Fairhope Seeks $9 Million Federal Grant for Fairhope Avenue Safety Overhaul
The May 11 vote authorizes Mayor Sherry Sullivan to apply to the FHWA Safe Streets and Roads for All program. If awarded, the funding would target three Fairhope Avenue intersections — Ingleside, South Mobile Street, and Bishop — plus downtown pedestrian improvements. The city's 20 percent local match would be $1.8 million.
The Fairhope City Council on Monday, May 11, authorized Mayor Sherry Sullivan to apply for a $9 million federal Safe Streets and Roads for All (SS4A) Implementation grant to fund safety improvements along the Fairhope Avenue corridor.
The vote came as Resolution #9 on the regular meeting agenda. If the grant is awarded, the Federal Highway Administration would cover $7.2 million of the project, with the city responsible for a 20 percent local match of $1,800,000.

Agenda excerpt, May 11, 2026 Fairhope City Council Regular Meeting, page 1.
What the money would pay for
According to the resolution and the accompanying staff memo from Interim Public Works Director John Thomas, the application identifies three Fairhope Avenue intersection improvements plus a package of downtown pedestrian projects:
- Ingleside Street at Fairhope Avenue
- South Mobile Street at Fairhope Avenue
- Bishop Road at Fairhope Avenue
- Pedestrian-safety improvements in downtown Fairhope

Fairhope Avenue corridor recommendations. Source: Fairhope Safe Streets and Roads for All Safety Action Plan, May 2026.
The staff memo says the projects "are coming from the Safe Streets for All Safety Action Plan and the City's priority streets projects," and notes that Kimley-Horn — the engineering firm the city hired in April to assemble the application — is also working with the Fairhope Police Department to fold pedestrian-safety elements into the grant. "Final details of the projects are not available yet because they are still being worked on," the memo states.

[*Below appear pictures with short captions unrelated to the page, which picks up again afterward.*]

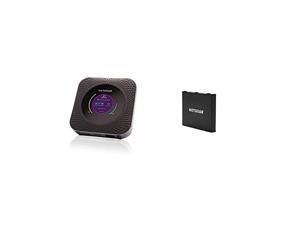 NETGEAR Nighthawk M1 Mobile Hotspot 4G LTE Router MR1100-100NAS + NETGEAR AirCard Mobile Hotspot Lithium Ion Replacement Battery (MHBTR10) NETGEAR Nighthawk M1 Mobile Hotspot 4G LTE Router MR1100-100NAS + NETGEAR AirCard Mobile Hotspot Lithium Ion Replacement Battery (MHBTR10)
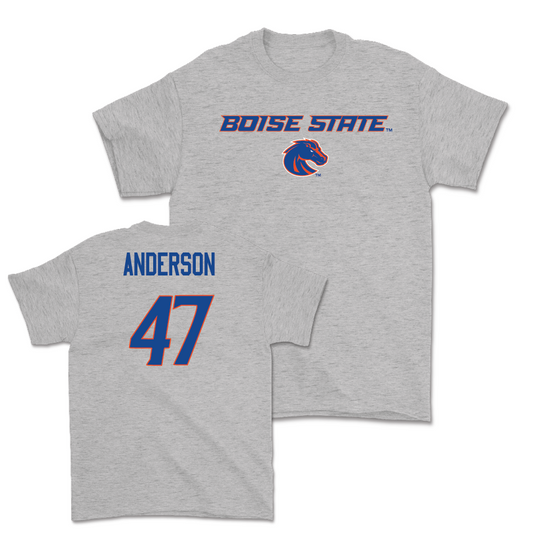 Boise State Football Sport Grey Classic Tee - Kaden Anderson Youth Small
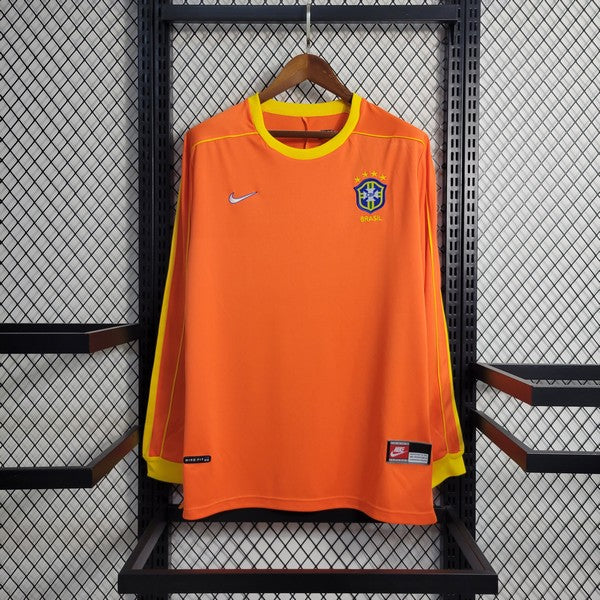 Camisa Retrô Brasil Goleiro Manga Longa 1998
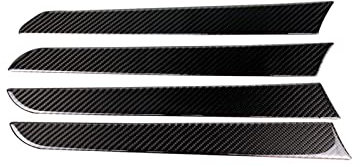 JORAsa Passend für Audi A4 B8 A5 4 STÜCKE 2009–2016, Schwarze Kohlefaser, Türinnenverkleidung, Verkleidungsaufkleber, Auto-Trim-Zubehör, Schutzaufkleber-Kits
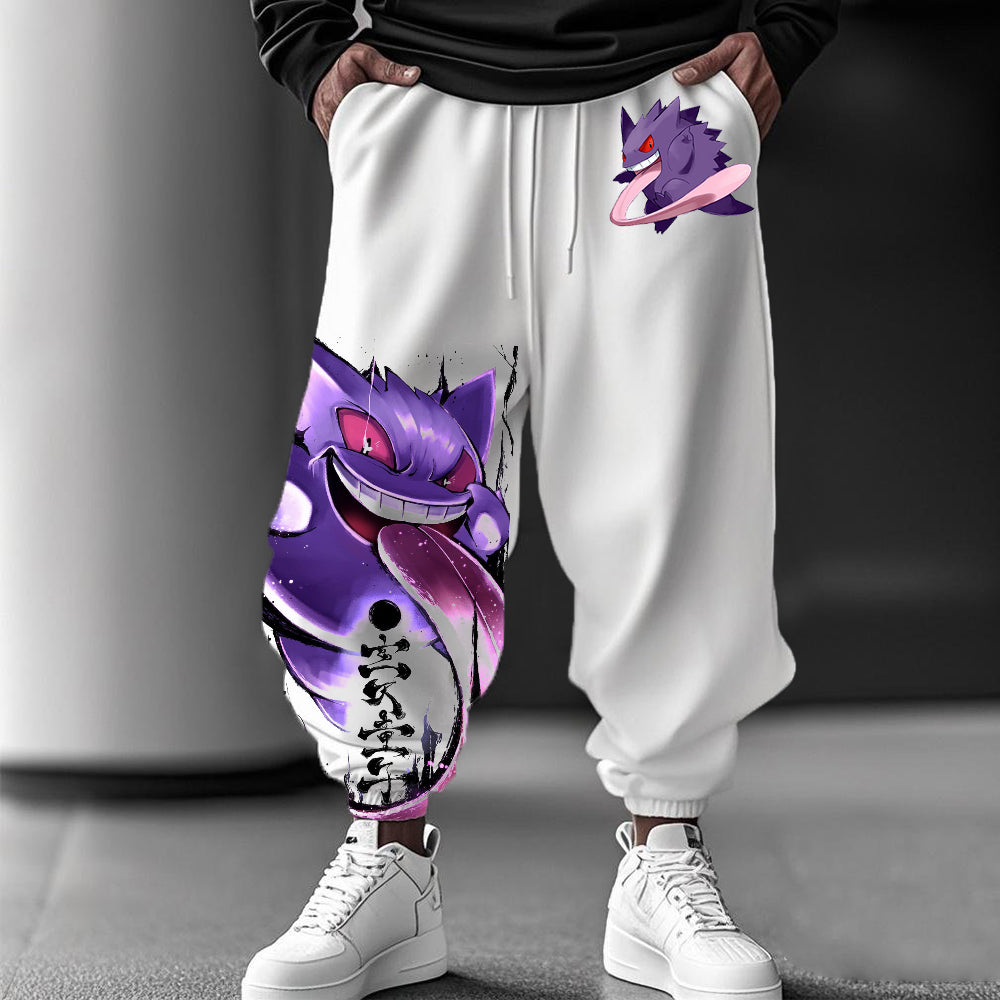 Pokémon personalized cartoon print casual trousers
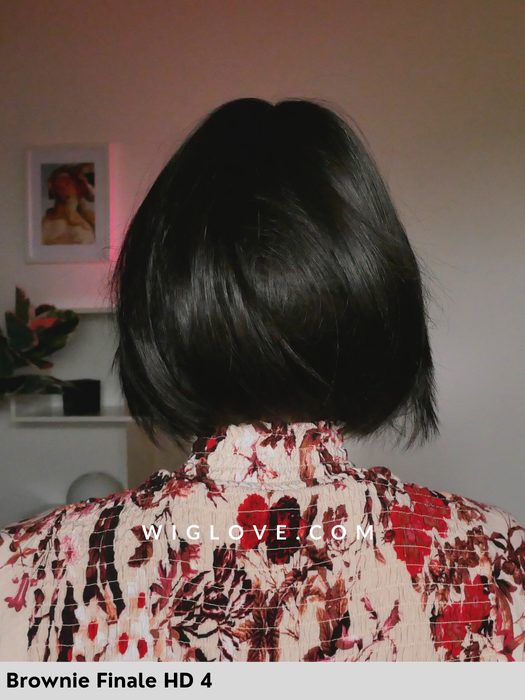 dawn jon renau parrucca sintetica termoresistente piastrabile caschetto corto piega liscia lacefront riga libera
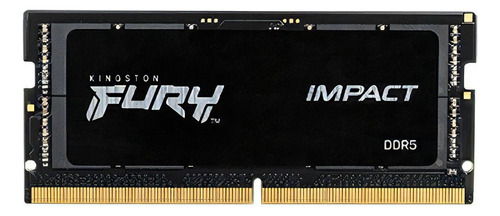 Memoria Ram Kingston Fury Impact 16gb Ddr5 4800mhz Black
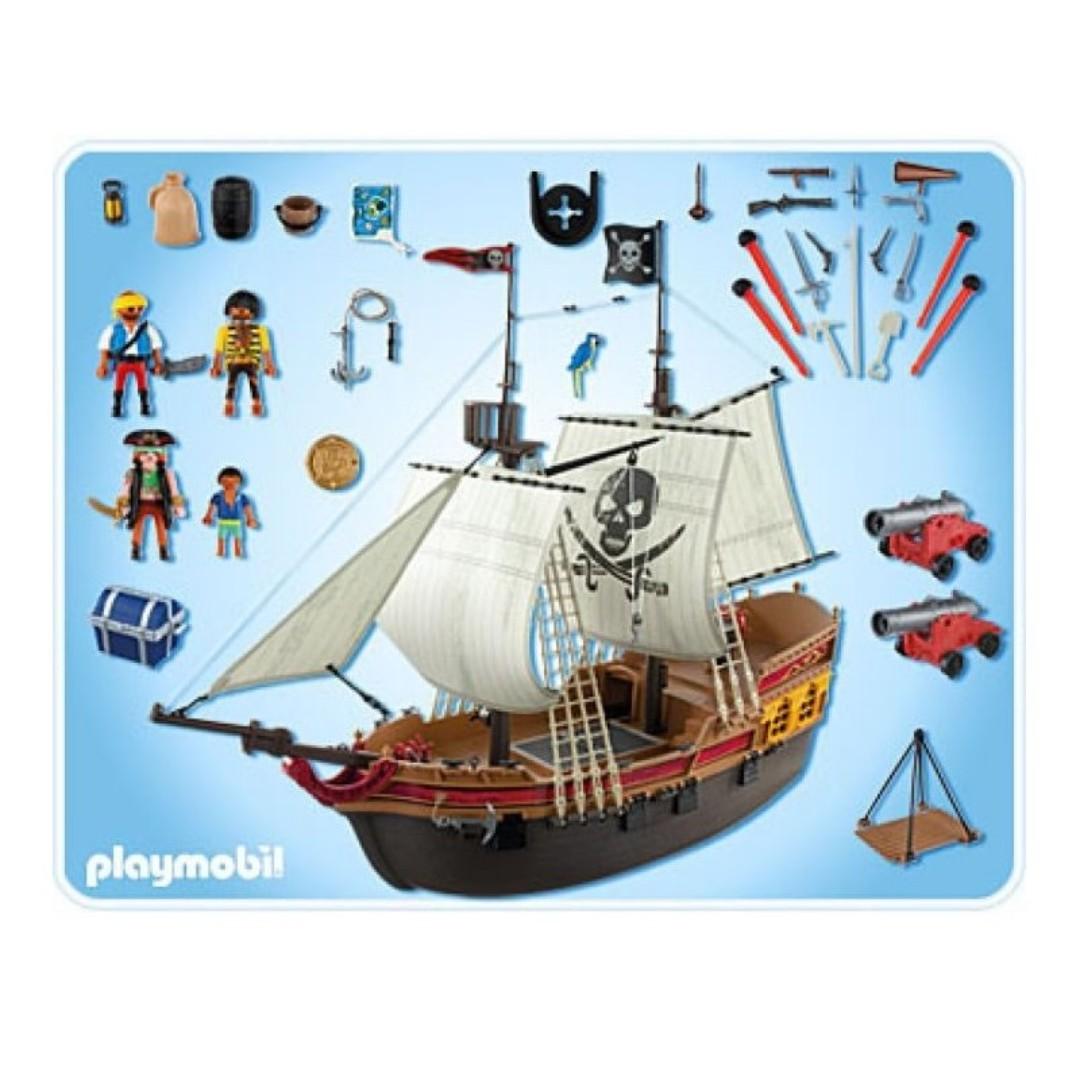 Skorpe Etablere vinde Playmobil 5135: Large Pirate Ship, Hobbies & Toys, Toys & Games on Carousell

SS4A grant staff memo, May 11 meeting packet, page 92.
How the project got here
This is the second SS4A-related action the Council has taken in five weeks. At its April 13 meeting, the Council approved the selection of Kimley-Horn and Associates, Inc. as the city's professional consultant on the SS4A implementation application (RFQ PS26-025), authorizing the mayor to execute a not-to-exceed contract.

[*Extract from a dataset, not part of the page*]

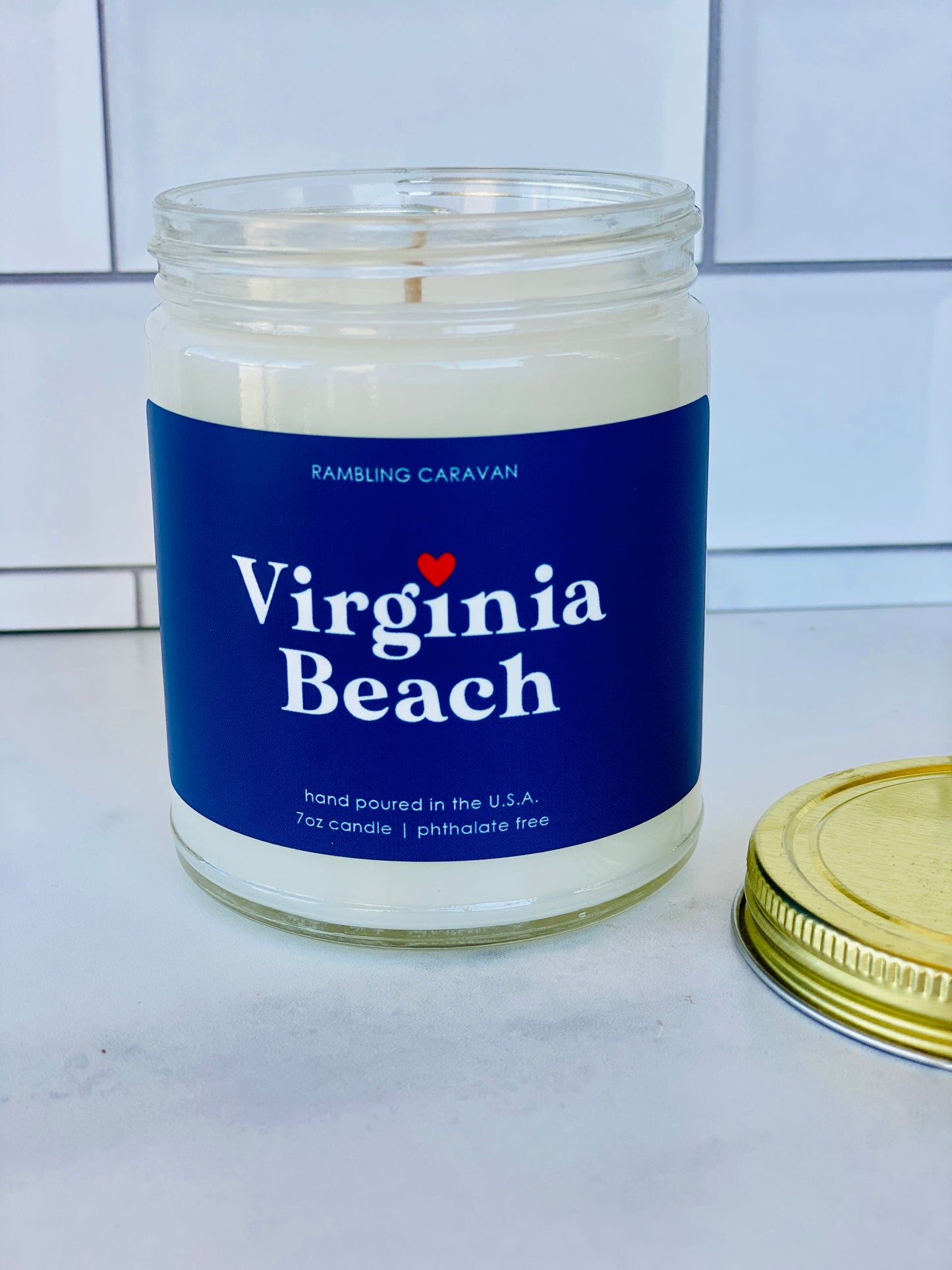 Virginia Beach, VA (modern) Candle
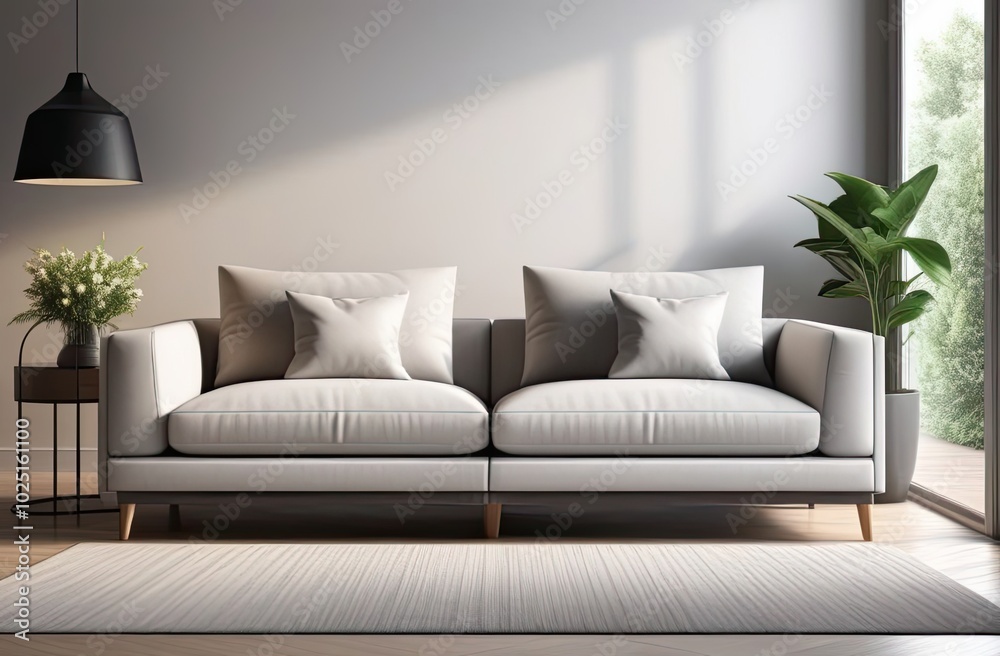 A beautifully designed modern minimalist interior. A beautifully designed modern minimalist interior.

Fairhope Safe Streets and Roads for All Safety Action Plan (May 2026), City of Fairhope.
The Safe Streets and Roads for All program is a federal initiative administered by the U.S. Department of Transportation through the Federal Highway Administration. It funds local plans and projects aimed at reducing roadway fatalities and serious injuries. The completed Safety Action Plan — an earlier SS4A milestone the city wrapped up before this spring's grant-application work began — established the priority projects now being packaged into this grant request.
What happens next
The application heads to FHWA under the federal SS4A Implementation Funding Program, which is a competitive grant cycle (Docket No. DOT-OST-2026-0050, issued March 27, 2026). If awarded, project design will move forward; if not, the city retains the priority list and can resubmit in future cycles.
The May 11 meeting also included a separate, smaller federal grant action — Resolution #8 authorized an Alabama Department of Transportation (ALDOT) TAP grant application of $1,286,100 for pedestrian crossing signals at the intersection of State Routes 104 and 181, also with an 80/20 match requirement.